DATA BELOW
■ ■ ■

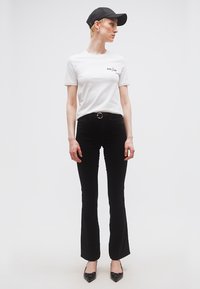 Άτομο που φοράει λευκό μπλουζάκι με τη λέξη "AMOUR", μαύρο καμπάνα παντελόνι με ζώνη, μαύρα μυτερά παπούτσια και μαύρο καπέλο, στέκεται μπροστά σε λευκό φόντο.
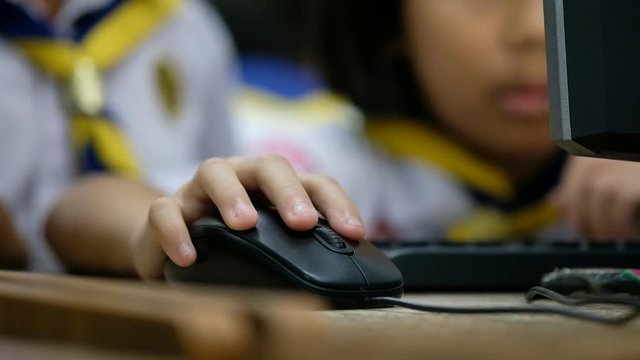 education and school concept, students in computer class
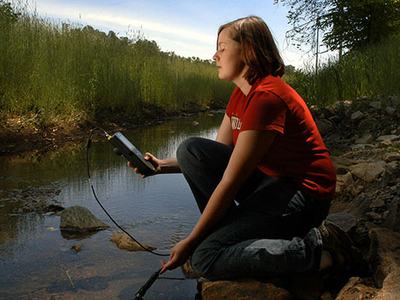 Woman analyzing water quality in a stream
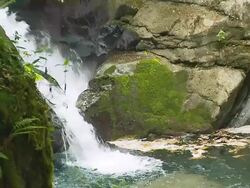 HD SLOW MOTION: Beautiful Waterfall Crashing Against The Rocks Stock Footage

■ ■ ■

WORK REQUIRED
Return the whole of the material above exactly, with no picture carried over.

RESULT OF THIS TASK
 Άτομο που φοράει λευκό μπλουζάκι με τη λέξη "AMOUR", μαύρο καμπάνα παντελόνι με ζώνη, μαύρα μυτερά παπούτσια και μαύρο καπέλο, στέκεται μπροστά σε λευκό φόντο.
 education and school concept, students in computer class
 Woman analyzing water quality in a stream
 HD SLOW MOTION: Beautiful Waterfall Crashing Against The Rocks Stock Footage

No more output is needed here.